Isobutene is conventionally produced in steam crackers, which use various petrochemical-based materials as feedstock. Alternatively, Gevo is developing a fermentation process to produce the organic compound isobutanol from the fermentable sugars in biomass, starting with corn. At the same time, Lanxess is developing a dehydration process to convert isobutanol into isobutene.
In addition to the share deal, both companies have signed an agreement that gives Lanxess certain exclusive rights to purchase biobased isobutanol from Gevo, while Gevo receives an exclusive first right to supply Lanxess with specified quantities of biobased isobutanol over a ten-year period. This arrangement is still subject to the parties’ completion of a definitive off-take agreement, which is presently in negotiation.
“We are extremely pleased that Lanxess has increased its holdings in Gevo,” said Patrick Gruber, CEO of Gevo. “This new 10 year agreement further validates the technology and investment behind creating isobutene from renewable resources. It solidifies our strategic relationship with a global leader and enables us to better plan our future capacity growth.”

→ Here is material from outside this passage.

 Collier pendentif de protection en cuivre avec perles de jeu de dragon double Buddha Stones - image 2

Gevo’s isobutanol can be used directly as a specialty chemical, as a gasoline blendstock, a jet feedstock and through conversion into plastics, fibers, rubber and other polymers. Gevo is currently retrofitting capacity of 22 million gallons per year (MGPY) at its first ethanol facility in Luverne, Minnesota, to produce 18 MGPY (50,000 metric tons) of isobutanol in the first half of 2012. In addition, Gevo plans to expand its production capacity in the coming years through acquisitions and joint ventures and aims to have more than 350 MGPY of production capacity by 2015.

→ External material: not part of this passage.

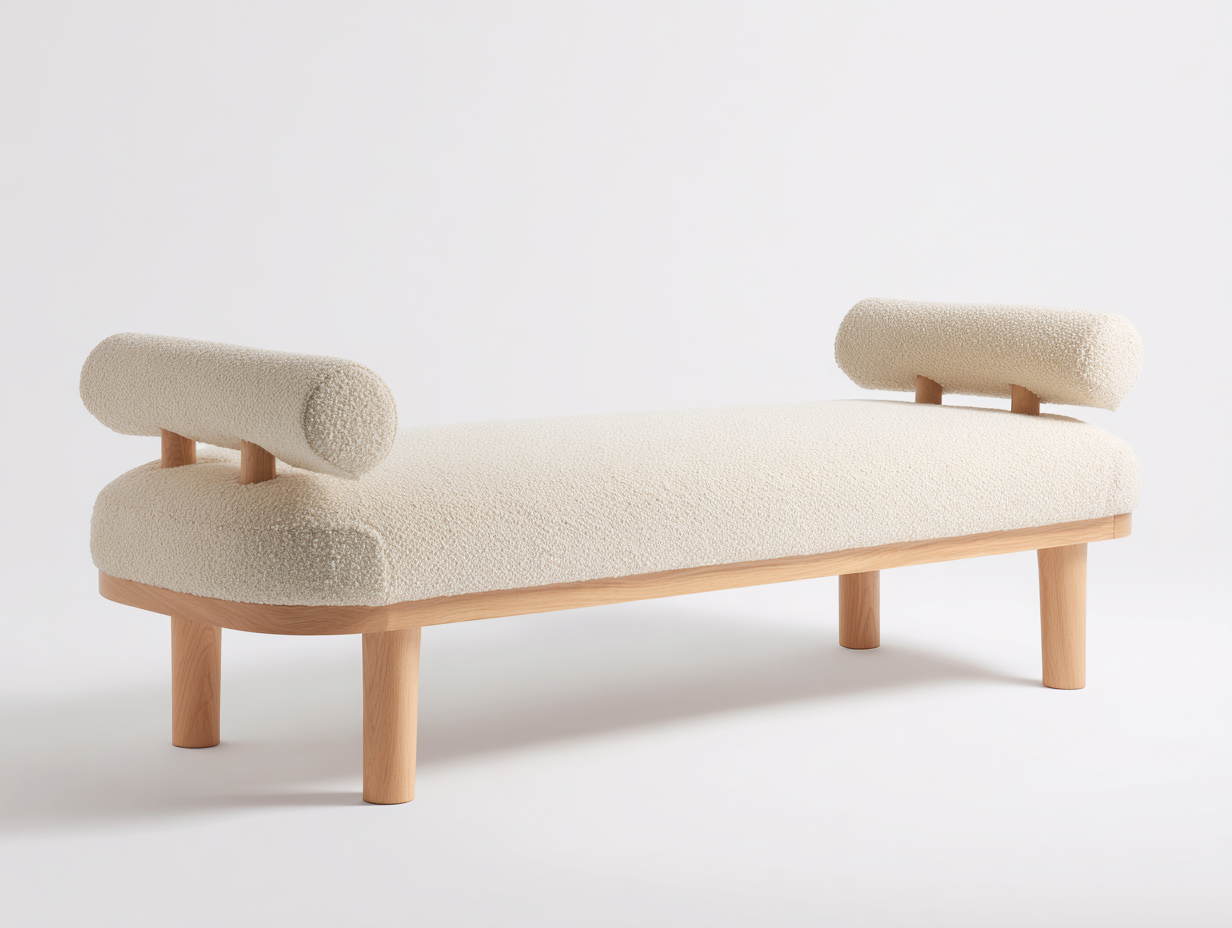 Bench Daybed upholstered bench 160x48x57 cm - beige - minimalist indoor seating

Lanxess’ dehydration process has not only proven to be successful in the laboratory but also in a small-scale reactor in Leverkusen, Germany, over a period of several months. Tests have shown that the process can deliver biobased butyl rubber that meets the rigorous specifications of the tire industry, which represents roughly 25 percent of Lanxess’ sales.
Colorado-based Gevo was founded in 2005 and currently has about 100 employees. It has raised USD 95.7 million through its initial public offering and its stock started trading on the Nasdaq stock exchange on February 9, 2011. Other existing shareholders in Gevo, including Richard Branson’s Virgin Green Fund, have also invested additional funds in the IPO.
Lanxess is the world’s second-largest producer of butyl rubber and has plants in Sarnia, Canada, and Zwijndrecht, Belgium. The company is also investing EUR 400 million in a new butyl rubber plant in Singapore, which comes on stream in the first quarter of 2013.